_WHAT YOU HAVE TO DO_
Would you return exactly the lines from the top of the data below through the one containing "1 - Photo 3", leaving out the pictures?
SUPPLIED MATERIAL Block Start
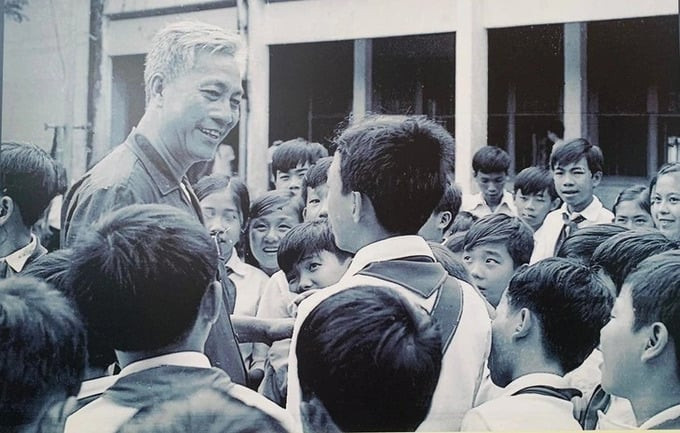 Ông Mai Chí Thọ dự khai giảng năm học 1977-1978 ở Trường Lý Tự Trọng, TP. HCM. Ảnh tư liệu/Báo Tuổi Trẻ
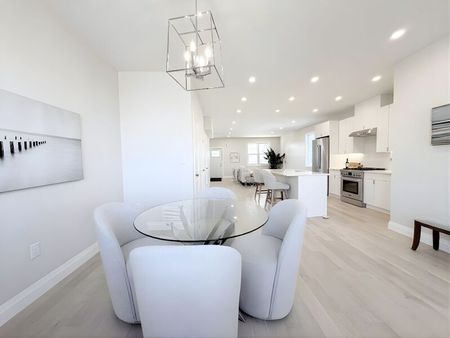 $2,800 / 3 br / 2.5 ba / 26A Haight st unit 1 - Photo 3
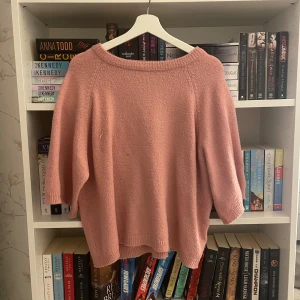 Stickad t-shirt - Superfin stickad t-shirt från lager 157 i modellen ”knitted tee” som är helt slutsåld på hemsidan. Storlek XS, men skulle säga att den passar XS-M beroende på hur man vill att den ska sitta! Finns en liten noppra(bild 2)🤍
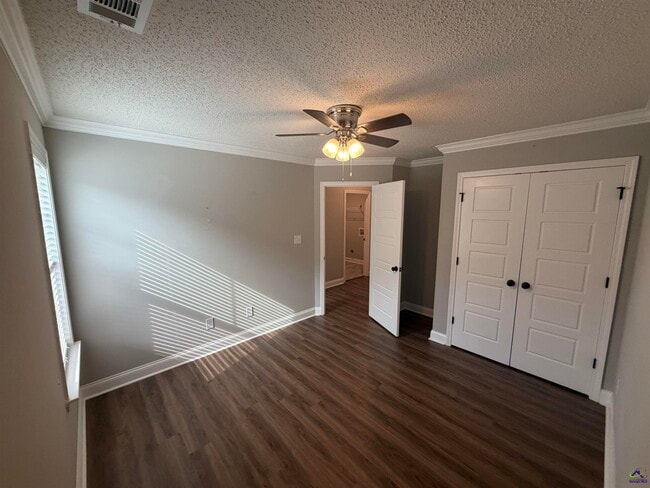 Building Photo - 521 Edgarton Way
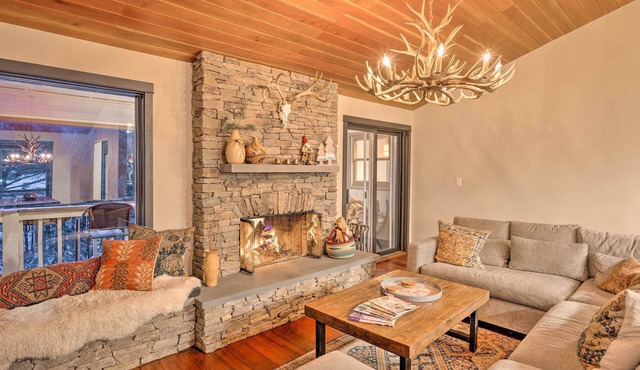 Riverfront Lincoln Condo: 1 Mi to Loon Mountain!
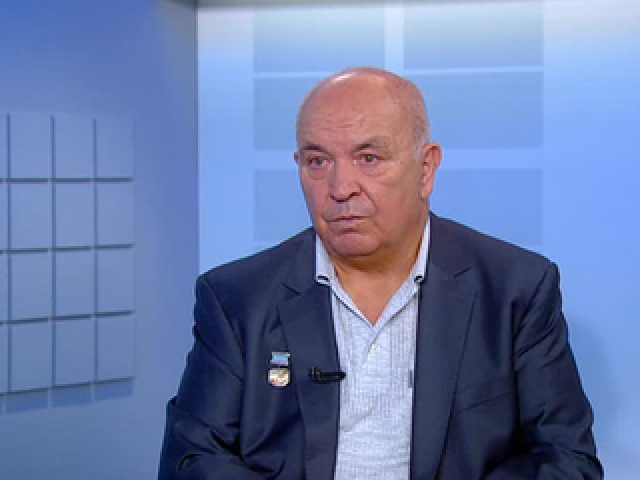 вице-президент Федерации любителей авиации России Виктор Заболотский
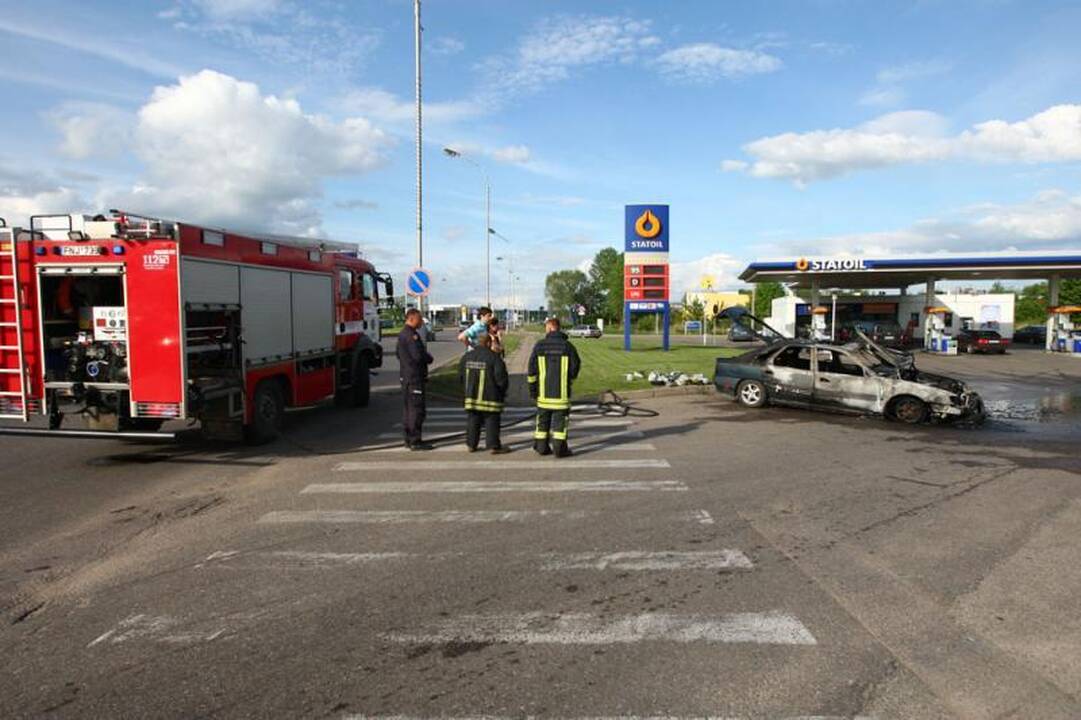Savanorių pr. degalinėje supleškėjo „Renault Safrane“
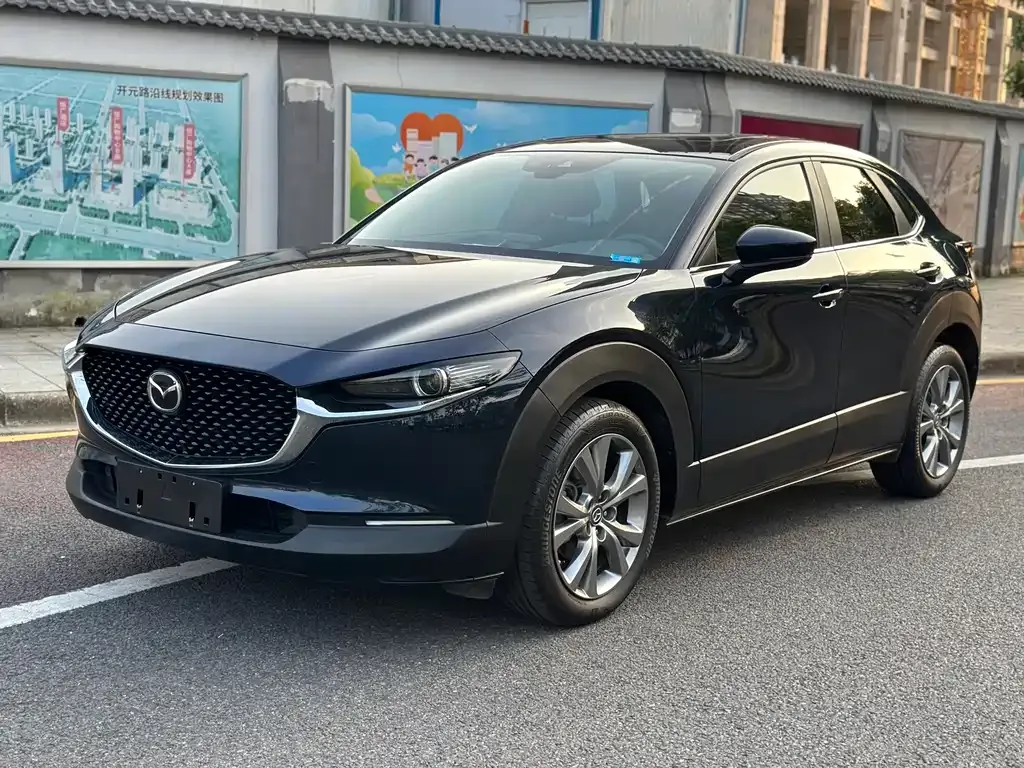 Mazda CX-30 — фото 1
SUPPLIED MATERIAL Block End
_PROBLEM SOLUTION_
 Ông Mai Chí Thọ dự khai giảng năm học 1977-1978 ở Trường Lý Tự Trọng, TP. HCM. Ảnh tư liệu/Báo Tuổi Trẻ
 $2,800 / 3 br / 2.5 ba / 26A Haight st unit 1 - Photo 3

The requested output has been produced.